***** DATA TO PROCESS
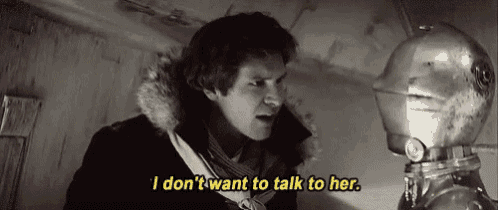 a man in a fur coat is talking to a robot and says i don 't want to talk to her .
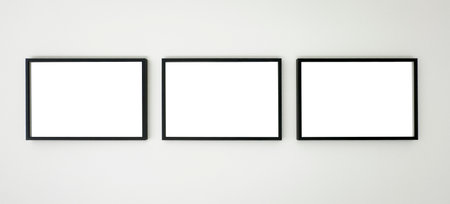 Three horizontal black picture frames hanging on a white wall, clean mockup for artwork, photography, posters, or graphic design presentation in a modern minimalist interior.の写真素材
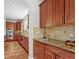 Spacious kitchen boasts granite countertops and ample cabinetry at 9217 E 4Th Pl, Denver, CO 80230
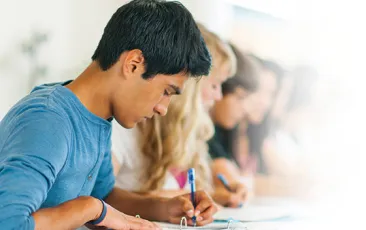 Teenagers sitting in a row doing schoolwork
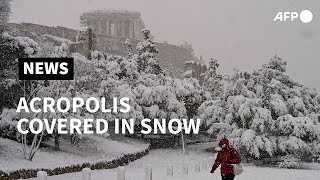 Snow covers Athens Acropolis  AFP [upl. by Enicul]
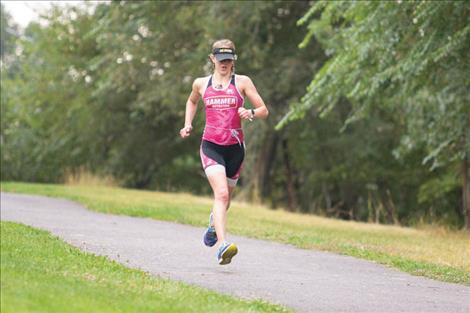Women’s  winner Scarlet Kaplan races to the finish line.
**********
Only the text of the records is to be reproduced exactly; skip the pictures.

 a man in a fur coat is talking to a robot and says i don 't want to talk to her .
 Three horizontal black picture frames hanging on a white wall, clean mockup for artwork, photography, posters, or graphic design presentation in a modern minimalist interior.の写真素材
 Spacious kitchen boasts granite countertops and ample cabinetry at 9217 E 4Th Pl, Denver, CO 80230
 Teenagers sitting in a row doing schoolwork
 Snow covers Athens Acropolis  AFP [upl. by Enicul]
Women’s  winner Scarlet Kaplan races to the finish line.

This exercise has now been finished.